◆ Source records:
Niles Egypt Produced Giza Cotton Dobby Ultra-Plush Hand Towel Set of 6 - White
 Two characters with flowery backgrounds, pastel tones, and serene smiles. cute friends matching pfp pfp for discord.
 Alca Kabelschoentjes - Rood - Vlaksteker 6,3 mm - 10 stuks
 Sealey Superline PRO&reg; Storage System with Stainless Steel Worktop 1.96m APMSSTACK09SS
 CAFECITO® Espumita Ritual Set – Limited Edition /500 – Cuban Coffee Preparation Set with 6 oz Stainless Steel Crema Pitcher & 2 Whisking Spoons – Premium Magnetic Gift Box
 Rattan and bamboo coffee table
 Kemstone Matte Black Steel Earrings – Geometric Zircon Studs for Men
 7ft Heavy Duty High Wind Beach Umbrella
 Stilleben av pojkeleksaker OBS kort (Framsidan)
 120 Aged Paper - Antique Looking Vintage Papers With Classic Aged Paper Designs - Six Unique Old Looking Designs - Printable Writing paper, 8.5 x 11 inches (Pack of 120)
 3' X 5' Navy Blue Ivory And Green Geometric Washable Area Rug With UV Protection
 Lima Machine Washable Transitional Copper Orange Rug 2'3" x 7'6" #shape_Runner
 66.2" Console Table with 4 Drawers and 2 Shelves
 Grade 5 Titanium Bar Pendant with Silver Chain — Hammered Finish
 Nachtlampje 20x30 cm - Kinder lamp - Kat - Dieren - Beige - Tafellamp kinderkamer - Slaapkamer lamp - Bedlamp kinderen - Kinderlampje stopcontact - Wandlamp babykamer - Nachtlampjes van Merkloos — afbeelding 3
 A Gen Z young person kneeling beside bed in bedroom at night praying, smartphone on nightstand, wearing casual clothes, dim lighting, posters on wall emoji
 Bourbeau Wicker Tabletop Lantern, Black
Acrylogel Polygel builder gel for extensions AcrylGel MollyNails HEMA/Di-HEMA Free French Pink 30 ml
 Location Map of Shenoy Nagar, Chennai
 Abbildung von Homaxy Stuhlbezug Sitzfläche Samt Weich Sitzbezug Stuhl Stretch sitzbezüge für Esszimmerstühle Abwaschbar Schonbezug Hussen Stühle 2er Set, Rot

◆ Brief: From the line holding "CAFECITO® Espumita Ritual" to the line holding "Grade 5 Titanium", inclusive, restate each line above exactly as written.

◆ Answer section:
 CAFECITO® Espumita Ritual Set – Limited Edition /500 – Cuban Coffee Preparation Set with 6 oz Stainless Steel Crema Pitcher & 2 Whisking Spoons – Premium Magnetic Gift Box
 Rattan and bamboo coffee table
 Kemstone Matte Black Steel Earrings – Geometric Zircon Studs for Men
 7ft Heavy Duty High Wind Beach Umbrella
 Stilleben av pojkeleksaker OBS kort (Framsidan)
 120 Aged Paper - Antique Looking Vintage Papers With Classic Aged Paper Designs - Six Unique Old Looking Designs - Printable Writing paper, 8.5 x 11 inches (Pack of 120)
 3' X 5' Navy Blue Ivory And Green Geometric Washable Area Rug With UV Protection
 Lima Machine Washable Transitional Copper Orange Rug 2'3" x 7'6" #shape_Runner
 66.2" Console Table with 4 Drawers and 2 Shelves
 Grade 5 Titanium Bar Pendant with Silver Chain — Hammered Finish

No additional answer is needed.